Director: Rumi Jaffery
Cast: Amitabh Bachchan, Emraan Hashmi, Annu Kapoor, Raghubir Yadav, Rhea Chakraborty
“I am tired and bored of this game, just give the verdict already,” says Emraan Hashmi’s at the climax of the film. Unfortunately, the dialogue holds true for Chehre.
Director Rumi Jaffery takes his audience to the world of four friends (Amitabh Bachchan, Annu Kapoor, Raghubir Yadav, and Dhritiman Chatterjee) who are retired court officials comprising a public prosecutor, defense lawyer, judge, and an executioner who play a game which is like a mock trial with a mysterious visitor (Hashmi) who reaches the doorstep of their house due to some unforeseen circumstances. While Hashmi’s character is initially reluctant to participate, he later gives in and decides to play the game. It may sound like an interesting plot, but the film lacks both the smarts and the menace of being a good courtroom drama thriller.

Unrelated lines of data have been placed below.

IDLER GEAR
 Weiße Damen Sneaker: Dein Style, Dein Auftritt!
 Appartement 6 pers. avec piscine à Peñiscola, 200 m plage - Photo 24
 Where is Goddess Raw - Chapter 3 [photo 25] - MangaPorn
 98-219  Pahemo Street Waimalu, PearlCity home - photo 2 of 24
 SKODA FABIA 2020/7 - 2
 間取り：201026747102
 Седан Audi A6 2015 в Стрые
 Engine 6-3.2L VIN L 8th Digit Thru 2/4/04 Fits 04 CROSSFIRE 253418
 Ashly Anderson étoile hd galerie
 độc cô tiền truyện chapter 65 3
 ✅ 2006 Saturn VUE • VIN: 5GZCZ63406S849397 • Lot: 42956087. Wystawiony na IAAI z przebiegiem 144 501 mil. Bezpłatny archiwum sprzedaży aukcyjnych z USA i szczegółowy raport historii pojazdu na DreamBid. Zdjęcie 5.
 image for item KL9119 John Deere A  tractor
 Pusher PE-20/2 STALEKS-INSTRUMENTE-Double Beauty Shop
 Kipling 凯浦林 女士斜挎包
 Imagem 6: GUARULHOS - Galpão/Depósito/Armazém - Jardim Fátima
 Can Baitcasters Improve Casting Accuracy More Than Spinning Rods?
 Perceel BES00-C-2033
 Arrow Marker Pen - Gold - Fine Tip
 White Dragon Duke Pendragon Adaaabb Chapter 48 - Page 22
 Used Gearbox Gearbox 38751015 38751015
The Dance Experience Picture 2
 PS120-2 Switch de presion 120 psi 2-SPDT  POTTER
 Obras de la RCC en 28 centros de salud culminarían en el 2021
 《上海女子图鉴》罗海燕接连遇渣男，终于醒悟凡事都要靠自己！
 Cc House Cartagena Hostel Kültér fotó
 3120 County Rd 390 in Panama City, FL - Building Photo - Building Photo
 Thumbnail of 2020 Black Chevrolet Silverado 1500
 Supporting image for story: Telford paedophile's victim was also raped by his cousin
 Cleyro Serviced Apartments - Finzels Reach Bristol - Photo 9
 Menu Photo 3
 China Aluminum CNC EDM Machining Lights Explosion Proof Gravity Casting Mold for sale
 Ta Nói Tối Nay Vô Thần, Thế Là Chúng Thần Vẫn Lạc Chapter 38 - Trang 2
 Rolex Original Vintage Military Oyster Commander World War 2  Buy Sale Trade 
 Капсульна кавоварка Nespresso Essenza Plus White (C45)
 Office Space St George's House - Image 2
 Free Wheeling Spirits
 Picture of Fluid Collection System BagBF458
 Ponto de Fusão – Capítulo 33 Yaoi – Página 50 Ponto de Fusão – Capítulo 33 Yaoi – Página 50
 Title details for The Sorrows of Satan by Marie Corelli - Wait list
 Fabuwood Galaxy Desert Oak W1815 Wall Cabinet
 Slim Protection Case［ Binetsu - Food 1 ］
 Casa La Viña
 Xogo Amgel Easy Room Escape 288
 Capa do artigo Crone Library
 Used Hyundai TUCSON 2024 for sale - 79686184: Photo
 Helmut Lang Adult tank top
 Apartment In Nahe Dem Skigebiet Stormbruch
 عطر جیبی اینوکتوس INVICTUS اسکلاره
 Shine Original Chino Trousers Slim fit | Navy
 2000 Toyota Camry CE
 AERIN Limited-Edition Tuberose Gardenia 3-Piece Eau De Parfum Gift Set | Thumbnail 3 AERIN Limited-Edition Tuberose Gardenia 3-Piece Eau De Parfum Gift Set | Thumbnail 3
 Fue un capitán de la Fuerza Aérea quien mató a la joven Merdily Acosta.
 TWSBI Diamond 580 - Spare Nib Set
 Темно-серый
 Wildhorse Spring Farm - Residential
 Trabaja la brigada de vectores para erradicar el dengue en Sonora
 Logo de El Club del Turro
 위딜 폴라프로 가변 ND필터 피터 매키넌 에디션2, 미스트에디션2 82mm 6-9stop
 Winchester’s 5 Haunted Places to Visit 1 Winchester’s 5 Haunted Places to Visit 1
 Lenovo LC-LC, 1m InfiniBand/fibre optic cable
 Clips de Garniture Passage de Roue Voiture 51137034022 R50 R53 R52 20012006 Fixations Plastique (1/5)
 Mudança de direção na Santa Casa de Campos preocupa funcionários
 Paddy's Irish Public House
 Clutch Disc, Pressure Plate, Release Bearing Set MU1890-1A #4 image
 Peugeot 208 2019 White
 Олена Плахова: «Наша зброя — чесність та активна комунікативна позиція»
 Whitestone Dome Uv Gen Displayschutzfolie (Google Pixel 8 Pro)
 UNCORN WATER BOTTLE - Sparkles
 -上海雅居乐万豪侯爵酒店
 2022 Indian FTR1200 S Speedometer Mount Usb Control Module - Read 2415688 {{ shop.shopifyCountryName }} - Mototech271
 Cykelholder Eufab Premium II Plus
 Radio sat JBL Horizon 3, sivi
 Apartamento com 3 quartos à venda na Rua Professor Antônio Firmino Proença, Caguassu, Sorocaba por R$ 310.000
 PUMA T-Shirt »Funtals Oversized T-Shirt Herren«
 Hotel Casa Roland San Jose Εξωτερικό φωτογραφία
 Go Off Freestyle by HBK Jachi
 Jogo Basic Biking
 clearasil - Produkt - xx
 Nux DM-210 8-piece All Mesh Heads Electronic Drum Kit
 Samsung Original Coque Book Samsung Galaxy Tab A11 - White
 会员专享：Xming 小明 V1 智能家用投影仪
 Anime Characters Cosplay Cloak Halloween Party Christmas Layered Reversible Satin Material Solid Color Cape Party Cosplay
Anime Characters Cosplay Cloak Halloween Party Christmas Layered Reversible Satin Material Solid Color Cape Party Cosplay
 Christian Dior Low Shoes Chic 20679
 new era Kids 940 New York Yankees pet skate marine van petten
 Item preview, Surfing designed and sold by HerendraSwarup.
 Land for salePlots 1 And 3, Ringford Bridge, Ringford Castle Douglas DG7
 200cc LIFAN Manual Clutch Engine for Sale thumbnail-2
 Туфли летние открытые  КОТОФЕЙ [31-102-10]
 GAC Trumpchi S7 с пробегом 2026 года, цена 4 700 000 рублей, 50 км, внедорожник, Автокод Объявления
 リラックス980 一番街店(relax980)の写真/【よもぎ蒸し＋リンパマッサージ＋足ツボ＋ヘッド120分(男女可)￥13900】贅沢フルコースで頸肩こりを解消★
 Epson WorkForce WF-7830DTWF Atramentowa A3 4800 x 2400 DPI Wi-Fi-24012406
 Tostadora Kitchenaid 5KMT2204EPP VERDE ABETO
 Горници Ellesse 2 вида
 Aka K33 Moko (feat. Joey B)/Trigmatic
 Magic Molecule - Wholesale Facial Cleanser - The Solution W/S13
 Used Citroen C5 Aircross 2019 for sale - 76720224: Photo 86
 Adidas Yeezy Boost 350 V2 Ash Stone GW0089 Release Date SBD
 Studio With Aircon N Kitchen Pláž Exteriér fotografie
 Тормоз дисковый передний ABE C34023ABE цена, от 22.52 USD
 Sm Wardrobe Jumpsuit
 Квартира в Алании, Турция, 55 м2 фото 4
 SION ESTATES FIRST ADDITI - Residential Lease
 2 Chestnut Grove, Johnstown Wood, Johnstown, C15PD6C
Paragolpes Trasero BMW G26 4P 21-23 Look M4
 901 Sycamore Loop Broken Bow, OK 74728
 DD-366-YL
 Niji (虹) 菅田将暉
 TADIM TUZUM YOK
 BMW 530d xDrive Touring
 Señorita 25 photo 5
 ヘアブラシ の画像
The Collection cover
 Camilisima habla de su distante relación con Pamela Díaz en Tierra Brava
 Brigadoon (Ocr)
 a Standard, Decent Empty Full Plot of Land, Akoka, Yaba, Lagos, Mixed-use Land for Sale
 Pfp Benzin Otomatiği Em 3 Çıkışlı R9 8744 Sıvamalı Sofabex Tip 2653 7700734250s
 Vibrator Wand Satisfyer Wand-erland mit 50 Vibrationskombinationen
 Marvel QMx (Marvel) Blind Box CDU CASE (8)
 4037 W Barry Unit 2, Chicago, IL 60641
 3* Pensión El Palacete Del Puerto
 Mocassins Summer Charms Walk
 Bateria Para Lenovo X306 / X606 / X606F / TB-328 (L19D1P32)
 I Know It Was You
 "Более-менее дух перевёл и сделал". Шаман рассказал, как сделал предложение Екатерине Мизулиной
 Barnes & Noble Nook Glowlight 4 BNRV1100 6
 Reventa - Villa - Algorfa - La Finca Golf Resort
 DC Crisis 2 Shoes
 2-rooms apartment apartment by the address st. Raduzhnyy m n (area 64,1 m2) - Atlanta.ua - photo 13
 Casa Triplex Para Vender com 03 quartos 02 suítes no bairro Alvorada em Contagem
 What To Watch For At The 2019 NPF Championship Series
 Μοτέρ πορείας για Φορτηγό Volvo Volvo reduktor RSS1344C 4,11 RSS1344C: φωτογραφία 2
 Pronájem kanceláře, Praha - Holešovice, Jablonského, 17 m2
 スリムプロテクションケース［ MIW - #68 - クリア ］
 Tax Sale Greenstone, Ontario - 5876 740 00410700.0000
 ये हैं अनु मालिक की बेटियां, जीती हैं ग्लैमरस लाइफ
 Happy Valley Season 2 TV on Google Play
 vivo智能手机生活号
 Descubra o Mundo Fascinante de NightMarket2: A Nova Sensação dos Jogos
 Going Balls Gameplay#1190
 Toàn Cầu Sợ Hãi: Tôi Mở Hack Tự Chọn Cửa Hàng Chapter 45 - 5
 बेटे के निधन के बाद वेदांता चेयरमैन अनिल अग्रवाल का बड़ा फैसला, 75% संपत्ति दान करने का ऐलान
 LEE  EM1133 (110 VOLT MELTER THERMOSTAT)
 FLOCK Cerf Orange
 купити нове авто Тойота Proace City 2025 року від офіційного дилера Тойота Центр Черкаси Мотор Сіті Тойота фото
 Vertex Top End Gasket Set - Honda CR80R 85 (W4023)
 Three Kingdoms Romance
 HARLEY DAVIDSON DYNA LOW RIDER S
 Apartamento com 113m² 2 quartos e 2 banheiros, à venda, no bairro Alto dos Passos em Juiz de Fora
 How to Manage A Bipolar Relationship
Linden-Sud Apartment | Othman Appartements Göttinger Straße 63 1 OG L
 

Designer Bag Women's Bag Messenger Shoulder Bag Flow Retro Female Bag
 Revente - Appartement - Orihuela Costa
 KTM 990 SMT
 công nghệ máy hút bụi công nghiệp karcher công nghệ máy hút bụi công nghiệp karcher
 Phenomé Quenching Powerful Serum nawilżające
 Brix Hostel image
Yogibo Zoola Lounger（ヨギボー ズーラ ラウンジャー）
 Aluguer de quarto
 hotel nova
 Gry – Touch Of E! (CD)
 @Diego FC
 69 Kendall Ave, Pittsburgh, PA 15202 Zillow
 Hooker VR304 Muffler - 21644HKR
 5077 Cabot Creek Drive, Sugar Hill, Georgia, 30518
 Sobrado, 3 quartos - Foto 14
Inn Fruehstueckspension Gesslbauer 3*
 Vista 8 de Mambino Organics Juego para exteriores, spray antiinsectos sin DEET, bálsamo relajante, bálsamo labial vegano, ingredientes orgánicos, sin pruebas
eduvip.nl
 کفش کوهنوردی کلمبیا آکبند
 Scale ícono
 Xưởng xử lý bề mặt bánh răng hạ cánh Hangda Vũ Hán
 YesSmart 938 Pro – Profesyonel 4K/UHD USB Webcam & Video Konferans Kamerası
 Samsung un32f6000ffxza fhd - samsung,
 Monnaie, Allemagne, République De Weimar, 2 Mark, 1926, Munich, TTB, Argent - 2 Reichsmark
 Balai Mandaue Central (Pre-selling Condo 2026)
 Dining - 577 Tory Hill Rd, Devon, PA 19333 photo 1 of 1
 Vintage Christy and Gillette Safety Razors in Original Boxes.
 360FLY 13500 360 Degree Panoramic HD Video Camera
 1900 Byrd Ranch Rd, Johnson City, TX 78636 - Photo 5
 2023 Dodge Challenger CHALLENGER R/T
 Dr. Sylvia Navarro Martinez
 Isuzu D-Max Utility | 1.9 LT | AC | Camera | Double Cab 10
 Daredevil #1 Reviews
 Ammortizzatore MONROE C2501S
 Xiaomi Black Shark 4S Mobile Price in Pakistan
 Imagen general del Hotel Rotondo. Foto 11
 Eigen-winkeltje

To begin with, the screenplay is inert, especially in the first half. The second half, which is set almost entirely in a makeshift courtroom, has more vigour. There are some interesting points in the film including some heavy dialoguebaazi, but the problem lies in parts that are supposed to establish a connection between the audience and the characters – they are loosely written and over dramatically portrayed onscreen.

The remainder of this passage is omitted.